Old hat: Babar Azam after his seventh ODI hundred in 13 months Getty Images

How different did you feel when you reached you first ODI hundred compared to the seventh?
I didn't feel anything too different. Early on in my career, I used to get out in the 30s, 40s, fifties and 60s. So I really appreciated reaching my first hundred. But I was as focused when making my seventh hundred as I was during my first ton. I give my 100% in every game.

What was it like batting in the 90s ahead of your maiden hundred?
I was quite nervous. I was in some pressure leading up to that game. My focus became double, and thanks to Allah, I reached the three-figure mark. I got a lot of confidence from that game.

In the last two years you have become a more responsible player in the Pakistan team.
There's a lot of expectations on me. I am trying to take my ODI confidence to Test cricket. Early on, I hadn't done well in Tests. But I am far more focused in the longer format.

You did decently well in Australia, but do you still think there's a gap for you between the two formats?
There is certainly a gap. But to be honest, I like playing in Australia. I have played the Under-19 World Cup there. The ball comes on to the bat better there.

Tell us about those three consecutive hundreds against West Indies.
I was quite excited about the first hundred. The confidence got higher after the second. Ahead of the third hundred, I knew that I was looking at a world record. But I felt similar to how it was before the first two hundreds.

I knew about the world record because it was all over social media. I stayed focused before the third hundred, never thinking that I have to score a hundred. I remembered my processes of the first two hundreds and applied it in that game. Allah gave me the third one as well.

Is there a routine for a hundred?
I train really hard. I do a lot of extra batting drills, apart from the usual nets. My mindset is always focused, which goes up on match days. I think that I want to bat throughout the innings, for the team. You can call this my routine.

Tell us your first memory of cricket.
I loved playing cricket from my childhood. My dad made me play in the streets, and my interest grew. He put me in a club, seeing this. My habit grew from that point. I went to practise in the morning, returned home in the evening. I had the craze for cricket from an early age.

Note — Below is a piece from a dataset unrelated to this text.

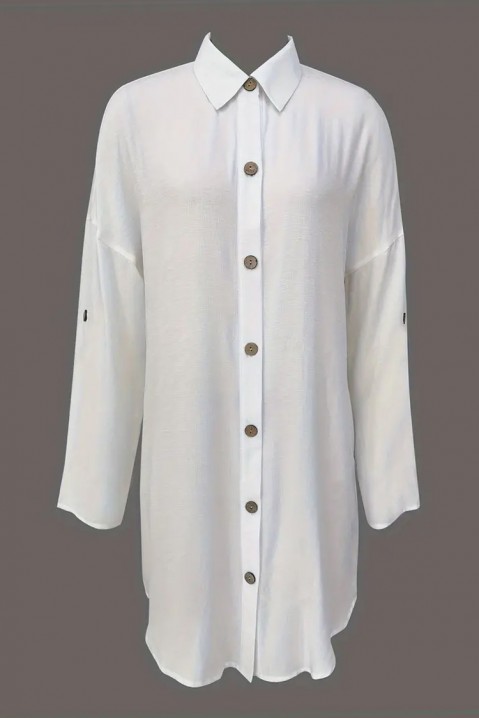 Φόρεμα KATIONDA, Χρώμα: άσπρο, IVET.EU - Εκπτώσεις έως -80%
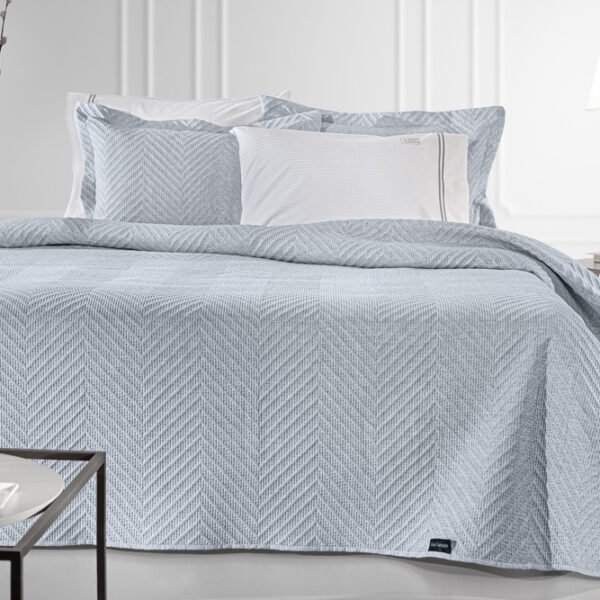 Σετ Κουβερλί 2 Τεμαχίων Υπέρδιπλο 220×240 Guy Laroche Hamptons Blue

"Early on in my career, I used to get out in the 30s, 40s, fifties and 60s. So I really appreciated reaching my first hundred"

The Akmal brothers are your cousins. Did you play with them?
I played in their club and also with them. I changed my club later on. They always tell me when they see me making a mistake. Kami bhai supports me a lot.

Who was your batting hero?
I loved watching AB de Villiers in the early days. I used to follow him closely. I copied him a lot too. In the nets, I used to at least try some of the shots he played in the matches.

Even those extravagant shots?
Laughs Those hadn't been played back then. I still don't try those shots. I play normally. Nowadays I follow Virat Kohli, Hashim Amla, and of course, de Villiers.

Mickey Arthur compared you to a young Virat Kohli.
He compared me with a very big player. I think it shouldn't be done. But that is the coach's thinking. Maybe the stats at the start of our careers are similar, but he is the No. 1 batsman in the world. I want to perform at a high level for Pakistan too.

You were a top scorer in the U-19s. Do you use any lessons from those days in your game now?
I certainly do. I played two World Cups in New Zealand and Australia. I learned a lot from those two tournaments. I still love playing in those countries, enjoy my batting there. You learn about wickets there, so it gives you confidence when you go there to play international cricket.

Ijaz bhai used to tell me: you stay at the wicket, everything else will happen. I rose to the international level keeping these words in mind; I retained that mindset.

What would you tell a youngster who wants to become the next Babar Azam?
I would say, never compromise on your cricket. The more time you give to the ground, the more it will give back to you. Keep an eye on your fitness and give your 100% in matches. Stay focused.